GOAL OF THE EXERCISE: The entire listing below should be output exactly as it stands.

DATA PROVIDED:
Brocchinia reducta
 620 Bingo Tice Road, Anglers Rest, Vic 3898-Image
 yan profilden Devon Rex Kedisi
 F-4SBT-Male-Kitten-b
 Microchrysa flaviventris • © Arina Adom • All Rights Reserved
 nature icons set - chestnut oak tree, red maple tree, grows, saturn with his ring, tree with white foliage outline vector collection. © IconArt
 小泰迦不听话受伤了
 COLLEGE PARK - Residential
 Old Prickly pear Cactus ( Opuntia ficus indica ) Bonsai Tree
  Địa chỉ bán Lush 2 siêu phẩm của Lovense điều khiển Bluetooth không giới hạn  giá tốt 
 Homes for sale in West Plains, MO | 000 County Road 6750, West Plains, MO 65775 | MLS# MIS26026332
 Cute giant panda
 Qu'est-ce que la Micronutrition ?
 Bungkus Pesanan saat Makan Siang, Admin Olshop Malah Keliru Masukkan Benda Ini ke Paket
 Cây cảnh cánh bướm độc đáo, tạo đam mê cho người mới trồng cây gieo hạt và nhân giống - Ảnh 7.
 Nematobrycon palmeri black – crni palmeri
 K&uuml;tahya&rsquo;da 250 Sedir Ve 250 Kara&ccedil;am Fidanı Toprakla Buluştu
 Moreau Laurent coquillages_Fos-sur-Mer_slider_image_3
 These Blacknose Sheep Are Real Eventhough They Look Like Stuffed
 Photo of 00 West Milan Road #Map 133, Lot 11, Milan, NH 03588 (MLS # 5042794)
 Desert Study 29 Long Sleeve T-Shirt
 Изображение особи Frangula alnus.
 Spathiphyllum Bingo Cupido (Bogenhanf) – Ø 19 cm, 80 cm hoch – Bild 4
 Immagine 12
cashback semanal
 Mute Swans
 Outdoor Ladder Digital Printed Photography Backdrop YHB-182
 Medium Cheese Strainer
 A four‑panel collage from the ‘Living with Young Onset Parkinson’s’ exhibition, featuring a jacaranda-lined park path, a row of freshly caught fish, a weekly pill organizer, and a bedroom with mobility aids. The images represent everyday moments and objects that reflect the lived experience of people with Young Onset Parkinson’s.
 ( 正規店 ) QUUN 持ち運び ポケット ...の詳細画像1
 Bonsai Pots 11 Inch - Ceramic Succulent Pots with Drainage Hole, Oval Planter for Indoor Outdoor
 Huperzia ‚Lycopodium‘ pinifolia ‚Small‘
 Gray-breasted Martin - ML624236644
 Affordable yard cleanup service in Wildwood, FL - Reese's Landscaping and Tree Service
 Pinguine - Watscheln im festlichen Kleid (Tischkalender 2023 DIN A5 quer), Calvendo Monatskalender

WRITTEN ANSWER:
Brocchinia reducta
 620 Bingo Tice Road, Anglers Rest, Vic 3898-Image
 yan profilden Devon Rex Kedisi
 F-4SBT-Male-Kitten-b
 Microchrysa flaviventris • © Arina Adom • All Rights Reserved
 nature icons set - chestnut oak tree, red maple tree, grows, saturn with his ring, tree with white foliage outline vector collection. © IconArt
 小泰迦不听话受伤了
 COLLEGE PARK - Residential
 Old Prickly pear Cactus ( Opuntia ficus indica ) Bonsai Tree
  Địa chỉ bán Lush 2 siêu phẩm của Lovense điều khiển Bluetooth không giới hạn  giá tốt 
 Homes for sale in West Plains, MO | 000 County Road 6750, West Plains, MO 65775 | MLS# MIS26026332
 Cute giant panda
 Qu'est-ce que la Micronutrition ?
 Bungkus Pesanan saat Makan Siang, Admin Olshop Malah Keliru Masukkan Benda Ini ke Paket
 Cây cảnh cánh bướm độc đáo, tạo đam mê cho người mới trồng cây gieo hạt và nhân giống - Ảnh 7.
 Nematobrycon palmeri black – crni palmeri
 K&uuml;tahya&rsquo;da 250 Sedir Ve 250 Kara&ccedil;am Fidanı Toprakla Buluştu
 Moreau Laurent coquillages_Fos-sur-Mer_slider_image_3
 These Blacknose Sheep Are Real Eventhough They Look Like Stuffed
 Photo of 00 West Milan Road #Map 133, Lot 11, Milan, NH 03588 (MLS # 5042794)
 Desert Study 29 Long Sleeve T-Shirt
 Изображение особи Frangula alnus.
 Spathiphyllum Bingo Cupido (Bogenhanf) – Ø 19 cm, 80 cm hoch – Bild 4
 Immagine 12
cashback semanal
 Mute Swans
 Outdoor Ladder Digital Printed Photography Backdrop YHB-182
 Medium Cheese Strainer
 A four‑panel collage from the ‘Living with Young Onset Parkinson’s’ exhibition, featuring a jacaranda-lined park path, a row of freshly caught fish, a weekly pill organizer, and a bedroom with mobility aids. The images represent everyday moments and objects that reflect the lived experience of people with Young Onset Parkinson’s.
 ( 正規店 ) QUUN 持ち運び ポケット ...の詳細画像1
 Bonsai Pots 11 Inch - Ceramic Succulent Pots with Drainage Hole, Oval Planter for Indoor Outdoor
 Huperzia ‚Lycopodium‘ pinifolia ‚Small‘
 Gray-breasted Martin - ML624236644
 Affordable yard cleanup service in Wildwood, FL - Reese's Landscaping and Tree Service
 Pinguine - Watscheln im festlichen Kleid (Tischkalender 2023 DIN A5 quer), Calvendo Monatskalender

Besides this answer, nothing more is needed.